L’enseignement supérieur est long, beaucoup trop long. Il s’étend sur un apprentissage par couches de connaissances, plus ou moins structurées. Il y a aussi, bien sûr, un aspect punitif : il s’agit d’écarter ceux qui ne possèdent pas les prédispositions intellectuelles ou comportementales suffisamment robustes. Les professeurs enseignent des matières souvent ressassées d’année en année, avec, certes, quelques avancées, mais souvent modestes. Et d’ailleurs, c’est cela qui fait la différence entre les bonnes et les moins bonnes universités : c’est la qualité de la remise en question des professeurs, leurs prédispositions au partage de connaissance et leur aptitude à grandir les étudiants dans un enthousiasme collectif qui les distinguent. Mais alors que penser des soi-disant professeurs d’universités, sans autre qualification qu’une expérience professionnelle souvent désuète et répétitive, ni doctorat, ni publication signalée ou ouvrage remarqué, qui troquent un enseignement gratuit contre un titre (à mes yeux) usurpé de professeur ? Rien de bon.
Par ailleurs, une question se pose : pourquoi enseigner à des étudiants ce qu’une machine peut résoudre, et surtout bientôt résoudra ? Bien sûr, on m’objectera que le rôle d’un professeur est d’apprendre à apprendre, dans la grande tradition cicéronienne, et qu’un professeur est là pour transmettre une intuition éclairée et des valeurs morales… sauf que ce n’est pas cela qui qualifie un professeur. Et là aussi, c’est dommage.
Et je vais plus loin : dans ces ruptures technologiques stupéfiantes qui s’imposent à tous, comment un professeur peut-il enseigner une matière qu’il ne connaît pas, ou à peine mieux qu’un étudiant ? En matière d’intelligence artificielle, de nombreuses entreprises embauchent des jeunes imaginatifs et très curieux… qui n’ont d’ailleurs pas de diplôme universitaire, faute d’enseignants capables de leur fournir un enseignement qui les prépare.

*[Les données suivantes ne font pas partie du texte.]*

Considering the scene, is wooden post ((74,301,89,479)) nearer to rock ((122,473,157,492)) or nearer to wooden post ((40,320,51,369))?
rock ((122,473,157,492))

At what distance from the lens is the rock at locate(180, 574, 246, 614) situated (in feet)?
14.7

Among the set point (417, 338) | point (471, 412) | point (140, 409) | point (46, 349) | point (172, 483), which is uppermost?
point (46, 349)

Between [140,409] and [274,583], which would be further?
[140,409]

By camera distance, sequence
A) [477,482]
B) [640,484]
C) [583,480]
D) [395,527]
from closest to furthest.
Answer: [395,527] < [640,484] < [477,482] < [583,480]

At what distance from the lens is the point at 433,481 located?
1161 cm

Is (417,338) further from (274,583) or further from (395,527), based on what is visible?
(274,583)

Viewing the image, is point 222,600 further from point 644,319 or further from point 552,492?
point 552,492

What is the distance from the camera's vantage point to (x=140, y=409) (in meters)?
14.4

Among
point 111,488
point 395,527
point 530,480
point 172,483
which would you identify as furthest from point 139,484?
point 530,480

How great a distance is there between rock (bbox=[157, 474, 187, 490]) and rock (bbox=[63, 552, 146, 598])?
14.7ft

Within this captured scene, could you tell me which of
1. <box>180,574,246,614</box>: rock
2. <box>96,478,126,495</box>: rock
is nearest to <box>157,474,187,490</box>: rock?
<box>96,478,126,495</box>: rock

Tout cela pose de très sérieuses questions.
Je pense qu’il faut révolutionner l’enseignement : à partir d’un certain niveau ou âge, il s’agit d’apprendre aux étudiants à donner des cours. C’est eux qui deviennent, au sein d’une classe, le moteur de l’apprentissage collectif. Et cela rejoint un autre problème de l’enseignement universitaire européen : il est essentiellement déductif, et donc limité dans son apprentissage. L’enseignement américain est inductif, itératif, empirique et fondé sur la pensée ouverte. Il est, en, grande partie, ce vers quoi l’enseignement européen devrait tendre.

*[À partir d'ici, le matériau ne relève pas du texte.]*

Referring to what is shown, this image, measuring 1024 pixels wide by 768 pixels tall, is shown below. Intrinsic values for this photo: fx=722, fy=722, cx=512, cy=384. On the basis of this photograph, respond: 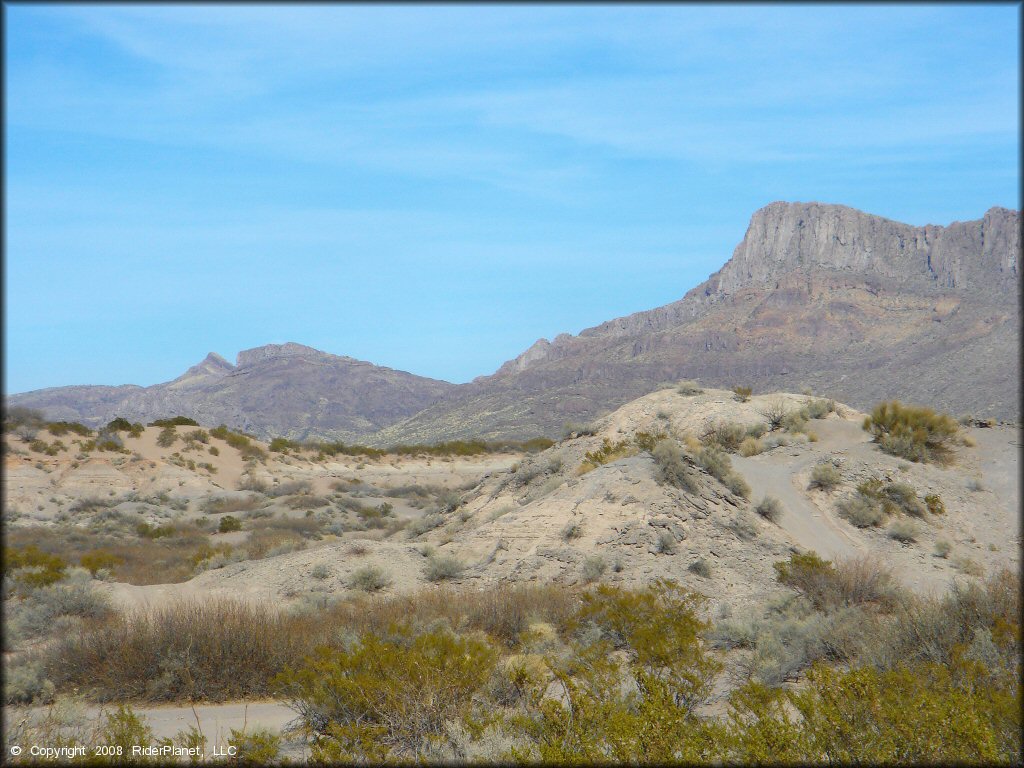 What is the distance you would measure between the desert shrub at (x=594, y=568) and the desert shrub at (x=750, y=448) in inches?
518

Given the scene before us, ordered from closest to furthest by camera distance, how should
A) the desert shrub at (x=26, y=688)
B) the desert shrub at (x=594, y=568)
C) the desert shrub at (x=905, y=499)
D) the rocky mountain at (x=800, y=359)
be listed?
the desert shrub at (x=26, y=688) → the desert shrub at (x=594, y=568) → the desert shrub at (x=905, y=499) → the rocky mountain at (x=800, y=359)

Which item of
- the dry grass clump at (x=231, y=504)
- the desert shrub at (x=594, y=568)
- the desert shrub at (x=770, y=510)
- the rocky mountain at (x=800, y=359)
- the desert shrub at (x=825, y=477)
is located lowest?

Il faut donc basculer vers un enseignement plus court, où le professeur guide la profondeur de l’apprentissage par des étudiants dont la qualité sera mesurée par la restitution, non pas à un examen (qui, en soi, est questionnable : que signifie un examen réussi à l’époque de ChatGPT ?), mais à une classe qui sera elle-même chargée d’amplifier le processus pédagogique.